As Scots chafed against the new status quo, they found a leader in Wallace, who rose to prominence after killing an English sheriff in May 1297. Per History Today, this “drew the disaffected to [Wallace]. … At once, he demonstrated the vigor and military skill which were his trademarks.” By August, Wallace, whose men were clustered in southern Scotland, had joined forces with Andrew Murray, who was leading a similar band of rebels in the north. On September 11, the pair’s combined forces faced off with the English near Stirling Castle, a stronghold north of Glasgow.
Estimates of the armies’ sizes vary widely, but scholars generally agree that the English (supported by Welsh infantry) outnumbered the Scots, who also had far fewer cavalry. To reach the enemy, the English had to cross a bridge, which was so narrow that “a pair of horsemen could scarcely and with difficulty cross at the same time,” in the words of contemporary chronicler Walter de Guisborough.

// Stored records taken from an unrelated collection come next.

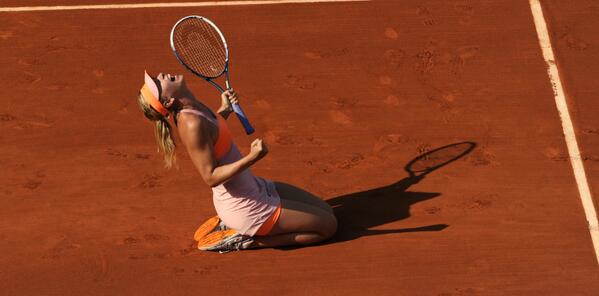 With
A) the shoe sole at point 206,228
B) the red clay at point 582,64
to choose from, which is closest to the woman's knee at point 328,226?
the shoe sole at point 206,228

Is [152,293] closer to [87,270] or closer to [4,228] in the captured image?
[87,270]

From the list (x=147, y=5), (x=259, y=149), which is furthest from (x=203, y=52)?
(x=147, y=5)

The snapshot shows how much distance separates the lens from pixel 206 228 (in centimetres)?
1044

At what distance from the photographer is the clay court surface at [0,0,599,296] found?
10.1m

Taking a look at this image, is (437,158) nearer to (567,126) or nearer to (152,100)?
(567,126)

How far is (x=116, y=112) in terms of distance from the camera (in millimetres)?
11984

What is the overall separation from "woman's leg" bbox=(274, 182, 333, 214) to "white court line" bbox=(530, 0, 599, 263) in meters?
2.45

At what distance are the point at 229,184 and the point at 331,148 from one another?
194cm

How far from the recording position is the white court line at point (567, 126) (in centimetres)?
1047

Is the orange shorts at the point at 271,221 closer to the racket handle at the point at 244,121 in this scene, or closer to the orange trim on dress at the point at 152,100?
the racket handle at the point at 244,121

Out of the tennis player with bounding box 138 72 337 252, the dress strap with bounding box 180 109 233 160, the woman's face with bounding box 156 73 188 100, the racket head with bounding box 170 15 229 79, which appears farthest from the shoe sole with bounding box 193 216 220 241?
the woman's face with bounding box 156 73 188 100

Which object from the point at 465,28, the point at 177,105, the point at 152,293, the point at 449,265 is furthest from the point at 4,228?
the point at 465,28

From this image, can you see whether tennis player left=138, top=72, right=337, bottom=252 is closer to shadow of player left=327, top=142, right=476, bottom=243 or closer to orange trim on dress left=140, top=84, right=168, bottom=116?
orange trim on dress left=140, top=84, right=168, bottom=116

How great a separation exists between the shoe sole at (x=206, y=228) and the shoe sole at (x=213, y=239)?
6 centimetres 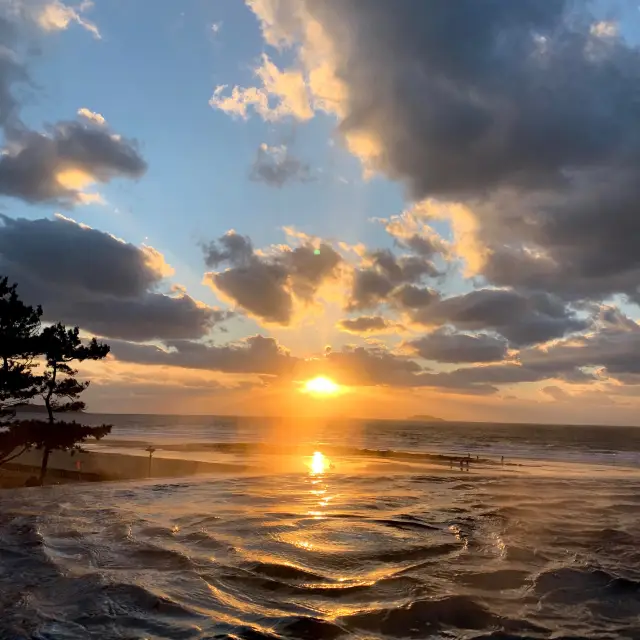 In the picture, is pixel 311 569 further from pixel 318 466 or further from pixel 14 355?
pixel 318 466

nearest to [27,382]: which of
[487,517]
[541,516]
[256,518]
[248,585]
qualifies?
[256,518]

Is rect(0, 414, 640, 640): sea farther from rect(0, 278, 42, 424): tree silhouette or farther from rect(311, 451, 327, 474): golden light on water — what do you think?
rect(311, 451, 327, 474): golden light on water

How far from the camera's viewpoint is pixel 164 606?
978 cm

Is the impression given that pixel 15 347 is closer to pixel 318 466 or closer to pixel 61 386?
pixel 61 386

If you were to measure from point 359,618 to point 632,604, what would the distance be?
6.08m

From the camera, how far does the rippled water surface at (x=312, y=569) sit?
30.1 ft

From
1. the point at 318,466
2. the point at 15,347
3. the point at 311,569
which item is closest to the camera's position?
the point at 311,569

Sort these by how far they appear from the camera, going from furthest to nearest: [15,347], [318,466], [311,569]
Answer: [318,466] < [15,347] < [311,569]

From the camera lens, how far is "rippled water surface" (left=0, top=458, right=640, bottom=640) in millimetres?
9180

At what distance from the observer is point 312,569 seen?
12.9 metres

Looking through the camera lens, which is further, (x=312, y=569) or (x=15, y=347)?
(x=15, y=347)

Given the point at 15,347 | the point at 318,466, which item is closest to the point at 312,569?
the point at 15,347

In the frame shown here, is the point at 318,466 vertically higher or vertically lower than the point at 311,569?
lower

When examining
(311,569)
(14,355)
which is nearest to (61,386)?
(14,355) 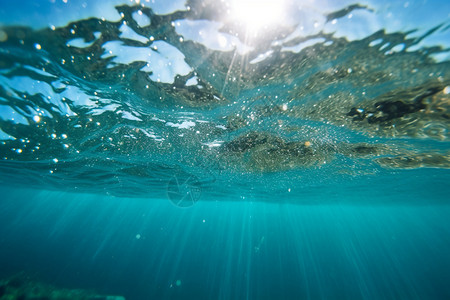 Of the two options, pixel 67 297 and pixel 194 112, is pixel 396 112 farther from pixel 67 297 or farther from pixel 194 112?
pixel 67 297

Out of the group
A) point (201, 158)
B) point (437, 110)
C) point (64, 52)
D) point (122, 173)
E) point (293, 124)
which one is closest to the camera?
point (64, 52)

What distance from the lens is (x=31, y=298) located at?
699 inches

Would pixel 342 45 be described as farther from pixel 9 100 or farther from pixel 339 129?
pixel 9 100

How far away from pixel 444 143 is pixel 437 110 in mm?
4722

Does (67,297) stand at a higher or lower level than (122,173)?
lower

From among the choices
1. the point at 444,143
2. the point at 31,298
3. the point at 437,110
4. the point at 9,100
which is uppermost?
the point at 444,143

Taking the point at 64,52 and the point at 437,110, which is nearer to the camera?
the point at 64,52

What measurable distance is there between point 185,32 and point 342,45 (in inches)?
167

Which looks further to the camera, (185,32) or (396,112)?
(396,112)

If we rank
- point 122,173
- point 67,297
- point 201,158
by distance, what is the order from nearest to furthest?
point 201,158 < point 67,297 < point 122,173

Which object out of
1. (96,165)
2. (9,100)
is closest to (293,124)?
(9,100)

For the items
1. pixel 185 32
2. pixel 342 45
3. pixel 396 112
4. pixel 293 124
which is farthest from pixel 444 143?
pixel 185 32

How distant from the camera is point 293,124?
981cm

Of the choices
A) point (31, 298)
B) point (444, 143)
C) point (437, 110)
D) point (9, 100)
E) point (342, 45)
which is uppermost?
point (444, 143) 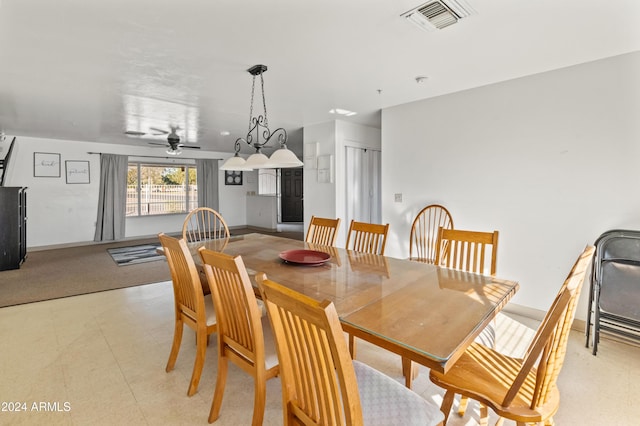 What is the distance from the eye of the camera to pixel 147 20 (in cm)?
192

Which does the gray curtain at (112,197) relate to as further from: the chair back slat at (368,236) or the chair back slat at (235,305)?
the chair back slat at (235,305)

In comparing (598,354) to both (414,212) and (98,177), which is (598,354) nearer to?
(414,212)

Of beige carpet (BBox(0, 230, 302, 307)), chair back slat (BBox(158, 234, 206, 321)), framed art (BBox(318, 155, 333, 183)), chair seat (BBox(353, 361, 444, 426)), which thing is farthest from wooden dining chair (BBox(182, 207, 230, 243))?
chair seat (BBox(353, 361, 444, 426))

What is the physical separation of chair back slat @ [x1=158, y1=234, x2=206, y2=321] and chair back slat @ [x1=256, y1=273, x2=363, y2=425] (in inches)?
34.5

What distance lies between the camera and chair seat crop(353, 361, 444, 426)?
108 centimetres

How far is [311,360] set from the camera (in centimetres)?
97

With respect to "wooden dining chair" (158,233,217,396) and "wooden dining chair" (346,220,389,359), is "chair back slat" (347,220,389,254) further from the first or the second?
"wooden dining chair" (158,233,217,396)

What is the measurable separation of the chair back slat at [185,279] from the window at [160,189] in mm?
6332

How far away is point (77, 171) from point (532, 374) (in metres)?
8.09

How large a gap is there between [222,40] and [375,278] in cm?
194

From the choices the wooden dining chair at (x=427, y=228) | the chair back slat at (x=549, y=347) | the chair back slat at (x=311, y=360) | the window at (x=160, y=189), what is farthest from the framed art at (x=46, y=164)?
the chair back slat at (x=549, y=347)

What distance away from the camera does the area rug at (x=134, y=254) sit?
526 centimetres

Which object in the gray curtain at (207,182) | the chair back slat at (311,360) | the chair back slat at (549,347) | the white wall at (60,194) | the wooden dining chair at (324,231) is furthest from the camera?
the gray curtain at (207,182)

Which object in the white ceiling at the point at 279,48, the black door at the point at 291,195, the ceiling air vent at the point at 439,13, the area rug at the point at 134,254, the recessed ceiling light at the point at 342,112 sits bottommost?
the area rug at the point at 134,254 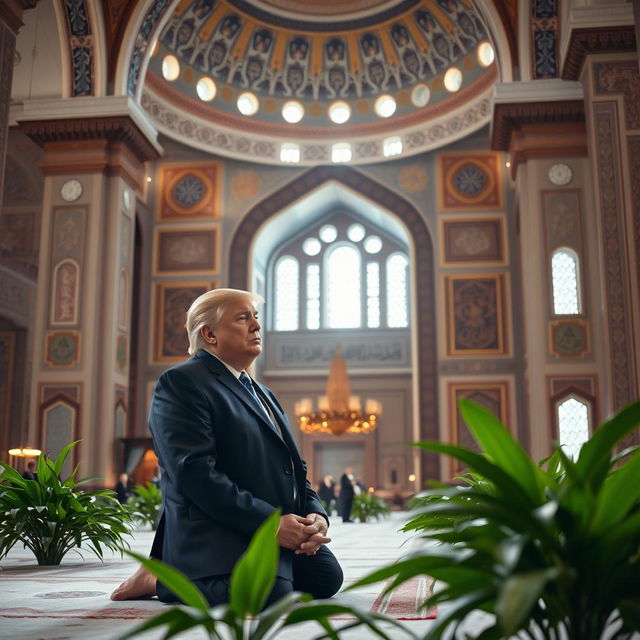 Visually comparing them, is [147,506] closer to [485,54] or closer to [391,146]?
[391,146]

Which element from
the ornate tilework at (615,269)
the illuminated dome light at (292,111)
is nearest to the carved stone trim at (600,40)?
the ornate tilework at (615,269)

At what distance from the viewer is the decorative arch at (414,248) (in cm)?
1861

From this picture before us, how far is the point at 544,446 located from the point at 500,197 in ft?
26.0

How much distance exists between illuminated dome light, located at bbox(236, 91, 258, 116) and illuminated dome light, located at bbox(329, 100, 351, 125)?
1.83 m

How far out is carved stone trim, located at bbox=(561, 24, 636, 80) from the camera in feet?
36.4

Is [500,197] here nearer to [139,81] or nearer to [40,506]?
[139,81]

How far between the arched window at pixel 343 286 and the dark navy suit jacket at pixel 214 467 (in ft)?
60.7

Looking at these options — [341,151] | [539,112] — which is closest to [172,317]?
[341,151]

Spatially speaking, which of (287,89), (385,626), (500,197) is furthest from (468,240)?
(385,626)

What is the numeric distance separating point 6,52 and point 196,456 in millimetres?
7400

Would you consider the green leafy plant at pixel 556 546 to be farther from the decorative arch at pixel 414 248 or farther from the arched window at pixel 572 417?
the decorative arch at pixel 414 248

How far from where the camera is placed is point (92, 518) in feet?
16.5

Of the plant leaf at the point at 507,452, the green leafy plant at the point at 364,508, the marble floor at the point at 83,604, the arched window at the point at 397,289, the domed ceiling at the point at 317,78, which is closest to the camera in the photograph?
the plant leaf at the point at 507,452

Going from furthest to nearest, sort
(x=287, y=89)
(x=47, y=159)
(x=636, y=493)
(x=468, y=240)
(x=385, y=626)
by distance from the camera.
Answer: (x=287, y=89)
(x=468, y=240)
(x=47, y=159)
(x=385, y=626)
(x=636, y=493) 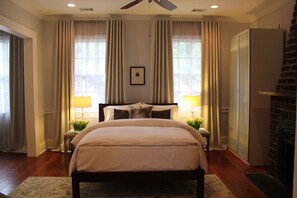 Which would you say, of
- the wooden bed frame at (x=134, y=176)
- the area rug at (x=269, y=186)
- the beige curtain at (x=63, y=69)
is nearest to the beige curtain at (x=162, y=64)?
the beige curtain at (x=63, y=69)

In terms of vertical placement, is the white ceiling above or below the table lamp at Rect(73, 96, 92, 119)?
above

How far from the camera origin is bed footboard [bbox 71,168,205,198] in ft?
10.1

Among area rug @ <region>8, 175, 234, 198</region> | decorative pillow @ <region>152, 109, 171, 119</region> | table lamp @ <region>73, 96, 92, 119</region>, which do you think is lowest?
area rug @ <region>8, 175, 234, 198</region>

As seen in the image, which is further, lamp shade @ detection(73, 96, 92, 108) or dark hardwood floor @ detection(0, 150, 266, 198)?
lamp shade @ detection(73, 96, 92, 108)

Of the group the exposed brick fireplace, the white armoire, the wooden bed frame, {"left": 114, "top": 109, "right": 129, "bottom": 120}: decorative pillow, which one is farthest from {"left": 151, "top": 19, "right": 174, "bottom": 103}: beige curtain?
the wooden bed frame

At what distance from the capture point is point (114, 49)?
5.40 m

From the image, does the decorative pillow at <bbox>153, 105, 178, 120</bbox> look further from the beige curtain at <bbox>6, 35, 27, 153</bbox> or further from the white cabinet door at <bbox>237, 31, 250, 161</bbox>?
the beige curtain at <bbox>6, 35, 27, 153</bbox>

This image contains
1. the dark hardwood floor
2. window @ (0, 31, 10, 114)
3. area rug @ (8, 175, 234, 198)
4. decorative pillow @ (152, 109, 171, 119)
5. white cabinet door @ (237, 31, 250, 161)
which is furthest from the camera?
window @ (0, 31, 10, 114)

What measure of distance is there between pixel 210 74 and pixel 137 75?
61.2 inches

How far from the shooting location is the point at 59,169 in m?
4.32

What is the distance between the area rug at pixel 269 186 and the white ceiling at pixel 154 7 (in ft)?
9.47

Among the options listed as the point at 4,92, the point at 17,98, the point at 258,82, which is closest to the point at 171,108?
the point at 258,82

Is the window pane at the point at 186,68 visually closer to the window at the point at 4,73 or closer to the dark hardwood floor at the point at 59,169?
the dark hardwood floor at the point at 59,169

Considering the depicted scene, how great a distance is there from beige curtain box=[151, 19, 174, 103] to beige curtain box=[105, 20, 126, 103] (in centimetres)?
66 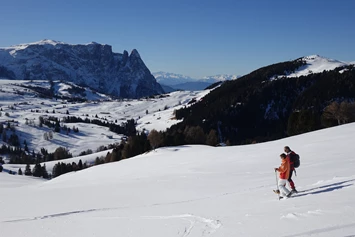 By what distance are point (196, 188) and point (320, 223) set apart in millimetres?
11784

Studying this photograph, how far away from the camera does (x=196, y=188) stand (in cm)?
2059

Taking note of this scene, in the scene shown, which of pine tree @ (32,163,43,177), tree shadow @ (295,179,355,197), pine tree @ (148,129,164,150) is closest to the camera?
tree shadow @ (295,179,355,197)

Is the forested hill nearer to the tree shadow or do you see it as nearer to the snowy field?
the snowy field

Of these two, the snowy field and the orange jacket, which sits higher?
the orange jacket

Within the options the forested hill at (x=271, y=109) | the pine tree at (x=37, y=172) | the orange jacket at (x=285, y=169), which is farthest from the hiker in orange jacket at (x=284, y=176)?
the forested hill at (x=271, y=109)

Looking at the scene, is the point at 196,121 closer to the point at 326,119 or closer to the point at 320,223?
the point at 326,119

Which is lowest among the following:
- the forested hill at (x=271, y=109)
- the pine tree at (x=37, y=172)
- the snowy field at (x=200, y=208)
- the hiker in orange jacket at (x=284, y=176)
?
the pine tree at (x=37, y=172)

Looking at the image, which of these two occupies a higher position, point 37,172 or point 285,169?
point 285,169

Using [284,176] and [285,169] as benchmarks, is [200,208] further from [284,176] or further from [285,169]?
[285,169]

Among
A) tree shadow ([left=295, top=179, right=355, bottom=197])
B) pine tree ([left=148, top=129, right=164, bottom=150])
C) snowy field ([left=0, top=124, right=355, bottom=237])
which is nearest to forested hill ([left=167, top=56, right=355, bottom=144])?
pine tree ([left=148, top=129, right=164, bottom=150])

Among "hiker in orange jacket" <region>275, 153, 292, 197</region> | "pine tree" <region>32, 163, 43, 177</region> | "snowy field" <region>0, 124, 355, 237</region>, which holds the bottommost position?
"pine tree" <region>32, 163, 43, 177</region>

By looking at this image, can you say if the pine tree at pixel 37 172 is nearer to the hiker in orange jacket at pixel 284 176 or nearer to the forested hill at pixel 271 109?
the forested hill at pixel 271 109

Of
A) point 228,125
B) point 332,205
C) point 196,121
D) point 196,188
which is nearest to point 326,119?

Wallace and Murray allowed about half of the English soldiers to cross unimpeded before springing into action, attacking while their forces held the high ground. According to Guisborough, the Scottish commanders “sent [their] spearmen to occupy the foot of the bridge, such that from then, no passage or retreat remained open” to the English. At some point during the battle, the bridge collapsed. Thousands of Englishmen died, cut down by the enemy or drowned as they attempted to swim back across the river. Among the dead was Hugh de Cressingham, the king’s treasurer, whose corpse was reportedly flayed to make a sheath for Wallace’s sword. Murray was fatally injured, too, though he didn’t succumb to his injuries for another few months.
The Battle of Stirling Bridge represented Wallace’s only major military victory in the fight against the English. On July 22, 1298, the Scottish warrior’s forces suffered a stinging defeat at the Battle of Falkirk. Eager to seek revenge for his loss at Stirling, Edward equipped his soldiers with longbows, which enabled them to rain down arrows on the enemy from afar.
In the aftermath of Falkirk, Wallace resigned his position as guardian of Scotland and traveled to continental Europe to seek support for the Scottish cause. By 1304, he was an outlaw in his own country, wanted by the English for his efforts to oust them from Scotland. In 1305, Wallace was captured by a Scottish knight and turned over to Edward, who ordered him hanged, drawn and quartered as a traitor. It was only in 1328, under the leadership of Robert the Bruce, an erstwhile ally of Wallace, that Scotland secured recognition of its independence from England.
Though the peace agreement only lasted four years, both Wallace and Bruce remain iconic figures in Scotland to this day. As Michael Brown, a historian at the University of St. Andrews, told Smithsonian magazine in 2018, Wallace is remembered as “the disinterested patriotic hero whose only concern was the liberty and protection of his fellow Scots.” Comparatively, “Bruce is a successful politician. He achieves more, but in some ways his hands are dirtier.”